INN multi-server thoughts.

Dan Merillat harik at chaos.ao.net
Thu Feb 15 19:39:31 UTC 2001


Alex Kiernan writes:
> 
> Dan Merillat <harik at chaos.ao.net> writes:
> 
> > I'm looking into making a multi-server addon to INN.  Basically, the
> > ideal setup would be transit server -> storage server -> cluster of
> > readers.
> > 
> 
> We're proposing exactly the same thing.

It's very common, and since normal INN is already finished for a hobby
installation, the most pressing need is large site scaleability.

There's a number of people who've gone ahead and done this for their
sites... generally meaning code fork and making it very difficult for
them to update to the latest code.  Some of these forks go back to 1.4.1.

There's a lot of wasted effort with everyone writing the same code. I'd 
like to get at least a framework for multi-server tools into standard INN,
so that sites don't have to fork so badly.  It would be great to see some
of the various patches updated and merged back into the standard tree.

> More or less what we intend doing, I've an extra piece which we're
> proposing - a numbering server... the transit server will push a feed
> to a numbering cluster (we intend changing the active file management
> so we can cluster two innds on separate boxes for resilience), that
> then distributes articles to each storage server (distributed somehow,
> probably not just message-id hash, more likely by moving average of
> article and size).

My thought is that the distribution from ID hash is going to be basically
random.  Consider a binary "flood".  Very similar message-IDs and sizes,
but the hash is going to distribute them pretty evenly.  Keep it Simple...
if it turns out there's a serious load balancing problem then spend extra
time coding.

Besides,  take the last byte of the hash and you've got 256 shares, so you
can dynamically balance load by moving the percentages of articles from one
machine to another. "ctlinnd load '1:128 2:64 3:64'", as an example.

> I was proposing to implement an NNTP storage manager which would query
> the appropriate backend storage server.

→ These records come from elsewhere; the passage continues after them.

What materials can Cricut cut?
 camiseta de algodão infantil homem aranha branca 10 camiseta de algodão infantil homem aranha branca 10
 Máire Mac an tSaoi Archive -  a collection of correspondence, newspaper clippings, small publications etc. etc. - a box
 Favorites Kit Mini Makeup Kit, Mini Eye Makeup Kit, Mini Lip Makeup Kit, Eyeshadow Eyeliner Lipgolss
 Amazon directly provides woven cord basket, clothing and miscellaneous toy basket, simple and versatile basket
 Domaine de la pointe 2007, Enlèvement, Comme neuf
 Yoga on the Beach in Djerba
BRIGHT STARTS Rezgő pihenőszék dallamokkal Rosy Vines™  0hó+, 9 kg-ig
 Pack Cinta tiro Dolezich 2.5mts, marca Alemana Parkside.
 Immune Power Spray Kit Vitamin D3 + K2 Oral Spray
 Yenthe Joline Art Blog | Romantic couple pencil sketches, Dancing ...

The Xref header in each
> message would indicate which storage server an article was located on.

Won't work, since there's no way to lookup a message by ID then.  You'd
have to scan the entire overview database.  That was my first idea as well.

Still, unless you have over 256 storage servers, adding a server number
to your SM token won't be a big deal.  I'm sure there's plenty of room
there now.

> > But who should generate the overview information?  Should the transit do
> > it?  Or should the storage servers do it and each feed all readers?
> > 
> 
> We're planning on implementing a header only feed on the storage
> servers which feeds the readers, each reader then generates a unified
> overview database. In addition I've been toying with ways of pushing
> articles for small, text only, frequently read groups to the reader
> servers.
 
I was going to use a variant on the timecaf code to cache articles on
the storage server.  Modify to expire the files based on access time
rather then modification time. (and expire if their SM token is expired
on the main server.)

Of course, this means keeping a seperate database of access times for
nnrpd to use.  It may be simpler to just throw a CNFS-type store on.
Since the same 9 gig of articles get read every day, a 20 gig IDE drive
on the reader will probably do quite well, even though the cache is
FIFO.

Of course, this means, again, keeping a second history file, or perhaps
extending the history-API (and moving to a binary history!)  For reader
boxes, it's not as expensive, since there's no negative message-ID
information, only positive history enteries.

Of course, the way things are handled now this whole idea would be one
big kludge.  What's needed is a way to feed both positive and negative
article information to the reader servers.  I.E. every time I overrun an
article on CNFS I send out a kill message on the sync stream, followed
by the overview information on the article that overwrote it.  If we
threw the message-ID hash of the article right before the article in
CNFS, it would be very easy to read, lookup and kill.  (Or do we
already?  There's some binary data there)

I'd like to hear from people who've already done this work, even on an
old fork.  What problems did you run into?  What bottlenecks are there?
How do you handle syncronization issues?